I forgot to add just a little tidbit. I liked getting my dog as the snow was starting to fly last year (late November). During the winter and his real young months I could really focus on obedience training in the house along with socialization with other dogs and kids. Once he was ready for birds there was still snow on the ground, but the winter season was almost over. This set him up nicely for summer training, and therefore brought him into his first season at just under a year old with a lot of planted birds and field work under his nose already. Just a good for thought...


----------



## fowl (Feb 15, 2003)

My current 5.5 year old GSP is out of Crosswind Kennels. Got him as a pup in November. Worked on obedience, socialization, etc through the winter. Worked into birds, gun intro, etc spring, summer, then on wild birds late summer. He was pointing grouse and woodcock his first season at just over a year old. In his prime now and a joy to hunt behind. Cut him loose and follow him to the birds.


----------



## birdhntr (Jan 25, 2014)

My two are from bluebriar kennels.Chris has great dogs also.He trials gsp's as well.My two don't tangle with trash.Gsp's were originally designed to be fur and feather dogs.(The poachers dog).lol smaller dogs tend to not contest trash.My 70 male would with no fear.Strong with hardness in his bloodline.Never again will I go that route as he is fearless and won't even flinch on a boar ****.He knows what he's doing and it's over in seconds.Strong German bloodline and he definitely could pass a hardness test.


----------



## VstarBR (Dec 15, 2010)

I have a 2.5 year old from Flying M up by oscoda. I love him. He’s good in the house, good with my kid, good on upland and has a retrieve drive that won’t stop. He is a little larger than most bird dog breeds at 70 pounds, but I grew up with Labs and I hate having to bend over to pet a dog.


----------



## Trophy Specialist (Nov 30, 2001)

Mike da Carpenter said:


> Its looking like we will be getting another dog, and I’m doing the required research now to make the correct decision. Probably won’t happen till the snow is gone, which gives me plenty of time to find one that suits the family well.
> 
> I had a Chocolate Lab for 13 years, and he was phenomenal at bird hunting, and just loved the water. I no longer have the desire to duck hunt (man was that a VERY powerful addiction).
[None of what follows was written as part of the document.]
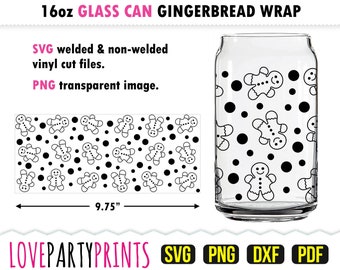 Gingerbread Man Glass Can Wrap SVG DXF PNG Pdf, Kerst Full Wrap Svg, Feestelijke Gingerbread Cookies kunnen Svg inpakken, 16oz Can Glass Wrap, GC19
Swore Iwould never have another dog again, as I couldn’t bare going through the loss again. Well, my boys are old enough now that a dog in our lives would be bennificial to everyone.
> 
> ...


Similar situation as mine. I have a 13 year old lab and have had labs for decades, but in the last 10 years I've been doing less waterflowling and been focusing on grouse hunting more. I love labs, but they tend to overheat a lot in warmer weather, which is common conditions when I do a lot of my grouse hunting. I'm thinking about getting a GSP.


----------